Lyons O'Neill

The Complicated Story of Concrete

Londoners are no stranger to concrete: the city seems to contain both the best and worst instances of structure made from the substance. Standing alongside the iconic complexes of Southbank and Barbican are drab municipal and local authority buildings waiting for a much-needed renewal.

Such range is testament to concrete’s fame as the most commonly used man made material on the planet. At the same time, it is the single most polluting building material in the world.

One principal reason for its ubiquity is that the base elements of concrete can be found almost anywhere at relatively low price. Water, aggregates (i.e., gravel, sand, or rock) and cement combine to form a cheap, reliable and malleable substance used in many of the largest civil engineering projects.

Church of the Light, Tadao Ando, 1989 (Wikimedia)

We can thank concrete for many of our modern bridges, housings, artistic institutions, and dams. Brutalist architects saw concrete as the crucial basis for their ideals of mass social housing, resilient public institutions, and urban renewal.
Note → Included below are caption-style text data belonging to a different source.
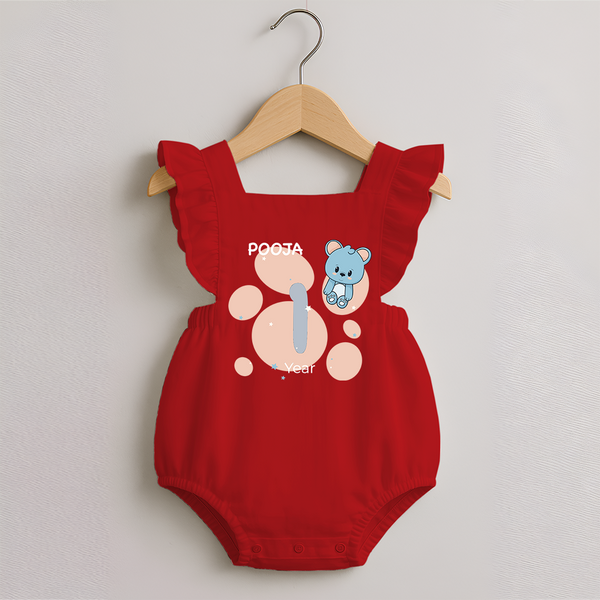 Baby Romper Frock Birthday Outfit - 1st Year | Personalized Romper Frock | Cozy Cotton Fabric - RED - 0 - 3 Months Old (Chest 19")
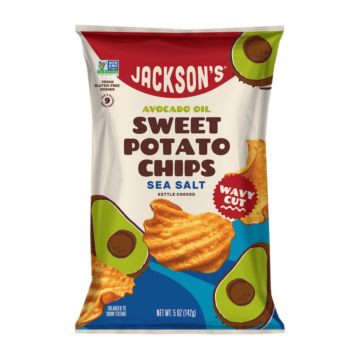Jackson's Chips with sea salt and avocado oil, wavy chip style.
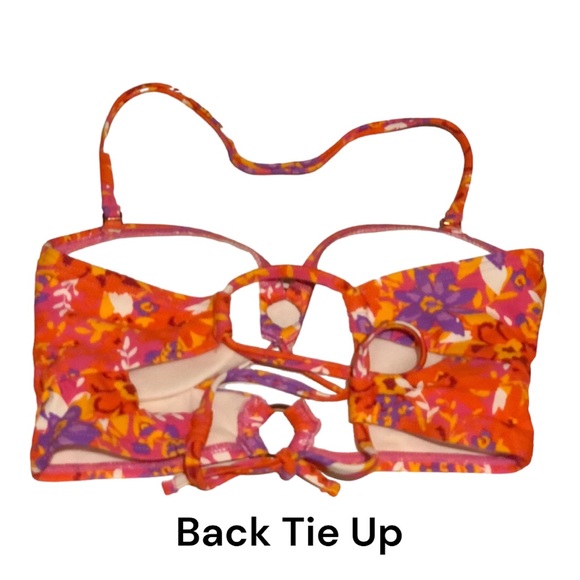 HULA HONEY Women's Orange Floral Cutout Rings Lined Convertible Swimsuit Top Sm - Picture 6 of 9
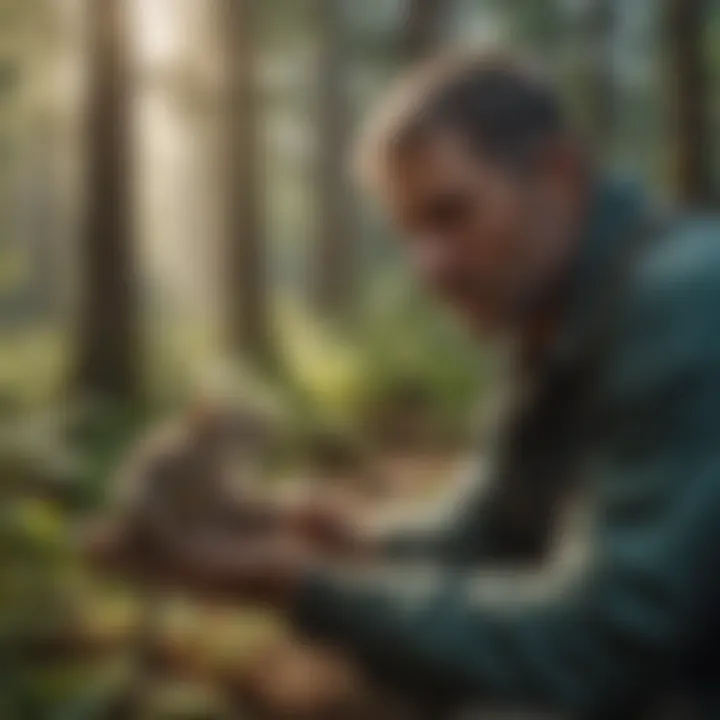 Nature conservation efforts in action with diverse wildlife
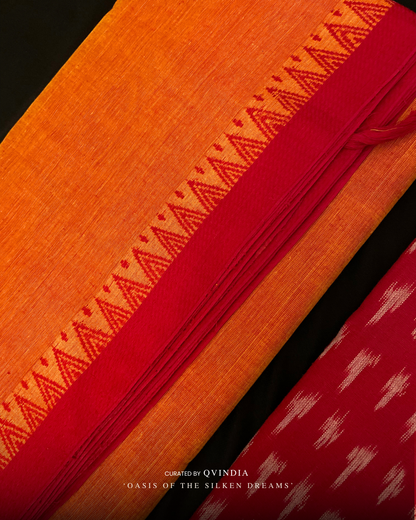 Kumbh Shakti Saffron Chettinad Cotton Saree with Ikkat Blouse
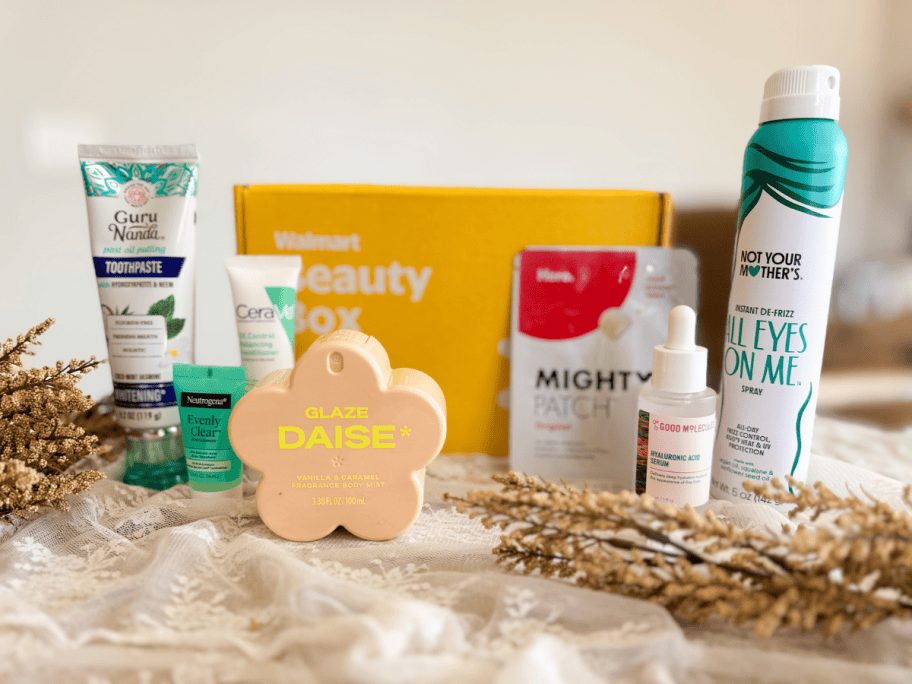 walmart beauty box with items on the counter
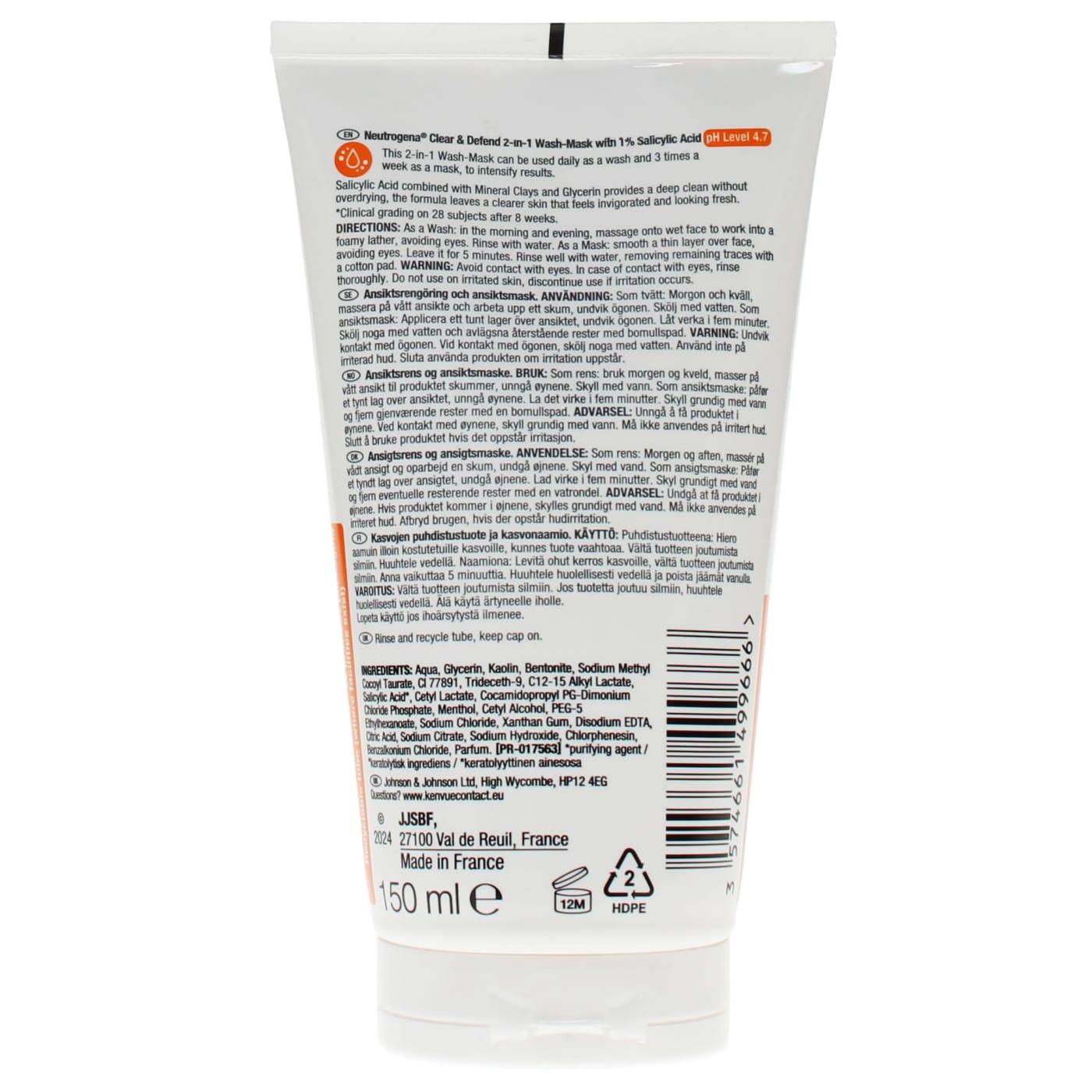 NEUTROGENA CLEAR & DEFEND 150ML W/MASK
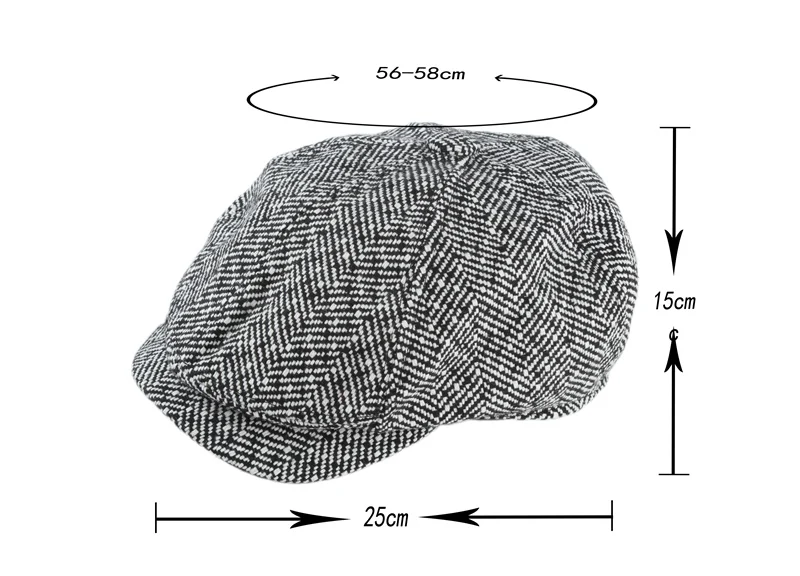 Кепка Newsboy, черная, белая, восьмиугольная кепка, осенняя, зимняя, унисекс, уличная, морозостойкая, шапки, шапки для мужчин, Sombreros para hombres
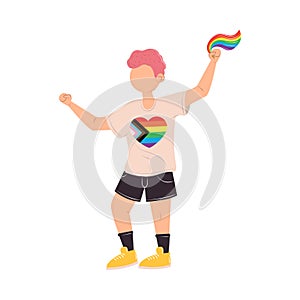 guy with progess lgbt flag photo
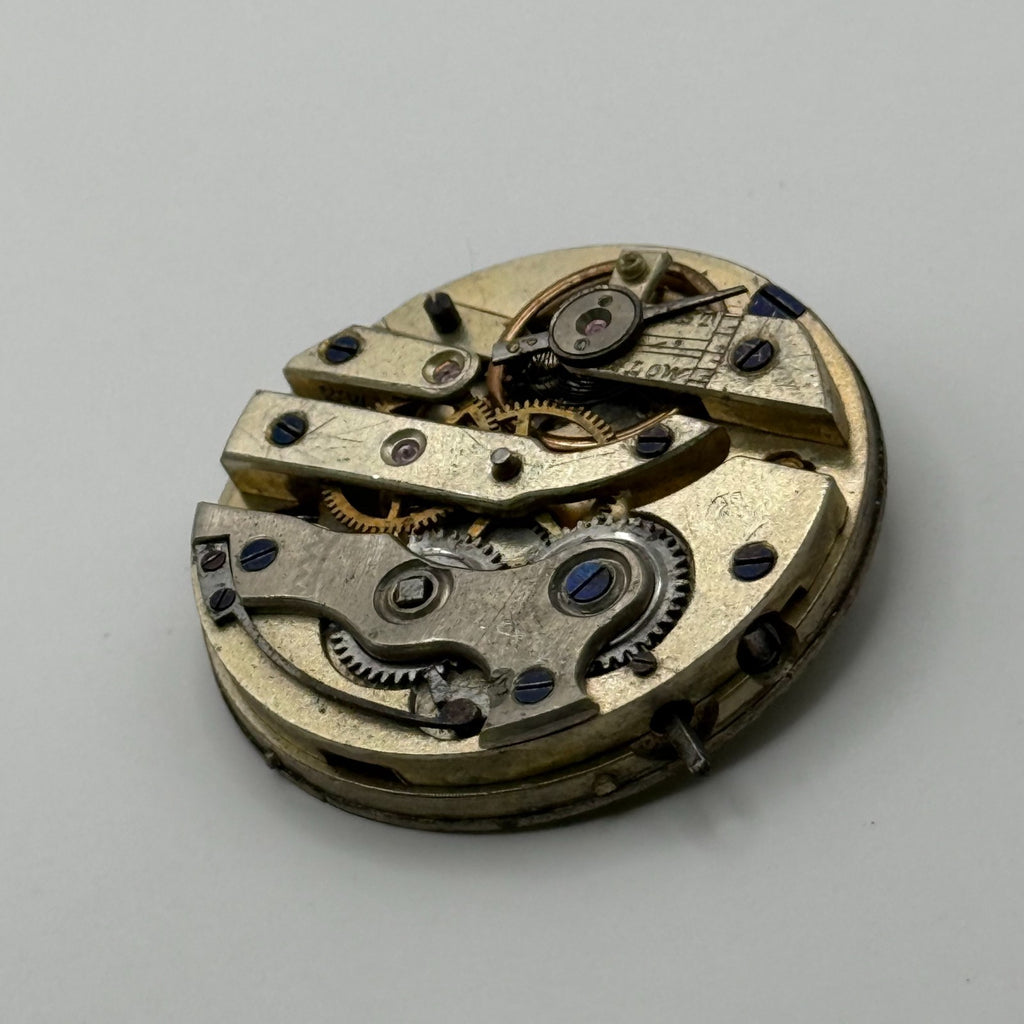 Cylinder Escapement Pocket Watch Movement - Unidentified - Parts / Repair 33.9mm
Japanese architect Tadao Ando, one of concrete’s deftest users, can turn grey and blank concrete walls into canvases for introversion and reflection.

Robin Hood Gardens (1968-72) by Peter and Alison Smithson

Robin Hood Gardens, currently being demolished in Poplar, London (Wikimedia)

However, neglect and deterioration together damage the aesthetics of many concrete projects that were already challenged at their inception. There is also a matter of changing taste: these grey buildings become a regular fixture on the many ugliest buildings lists. Even so, the substance is still everywhere, with 30 billion tonnes used each year, albeit often hidden in the frame of newbuilds.

The other, arguably more significant, threat to concrete is its environmental footprint. Cement is resource-intensive to produce. Energy from fossil fuel is used to burn and ground a mixture of limestone and clay, which also emits CO2 as a chemical reaction to heat.

The cement industry alone generates approximately 8% of global CO2 emissions, not too far behind agriculture at 12%. Concrete consumes roughly one tenth of global industrial water usage. Its value chain includes limestone quarries, cement factories, and intensive transportation – all of which contribute to air pollution.

Cement (Wikimedia)

With the world on a drive to decarbonise and avoid the worst effects of the climate crisis, there has been a push to innovate in the industry. The Global Cement and Concrete Association has its roadmap to reach net-zero emissions by 2050.

The focus so far has been on cement, specifically finding alternatives or cutting emissions in the production process, although there has yet been any substitutes who can deliver similar levels of performance and scalability.

One of most promising candidates so far is Seratech’s carbon-neutral concrete, whose key innovation is in the partial replacement of cement with a type of silica made from captured industrial emissions and the carbon-absorbing mineral olivine. With up to 40% of cement content actually being carbon negative and offsetting emissions from the other 60%, the material is said to be carbon neutral overall.

Promising to be low-cost and scalable, Seratech won the 2022 Obel Award, an international prize honouring ‘outstanding architectural contributions to human development’. Other experimental approaches include entirely replacing cement content with algea-grown limestone.

Seratech carbon neutral concrete (credits: Seratech Labs)

Alongside lab-based pursuit for innovation, another race is also taking place at considerably slower velocity: reforming formal standardisation established over decades. At the moment, there are 1,903 construction standards regarding the use of concrete that can be found through the British Standard Institute search portal.

Many of these were established after problems occurred, delineating a rigorous performance baseline that concrete made with alternative cement must adhere to. This is naturally necessary but comes along with a lengthy and expensive testing process.

One noteworthy amendment that was promised to come out in 2023 is the expansion in the concrete code, BS 8500, to allow for cement blended from low-carbon constituents like Ground Granulated Blast-furnace Slag (GBBS), fly ash and natural pozzolana (and potentially Seratech in the future). These cement flavours are already widely used in Europe, but the revision would finally make them available in the UK marketplace after years of assessments conducted by the Mineral Products Association.

The concrete story is complex and multi-faceted, but their sheer existing quantity means we are entangled with it for the foreseeable future. One key challenge in the upcoming years is to enable the rapid adoption of innovative technology through investment and bureaucratic reforms. It is exciting to keep close eyes on these latest developments and see what the future could bring.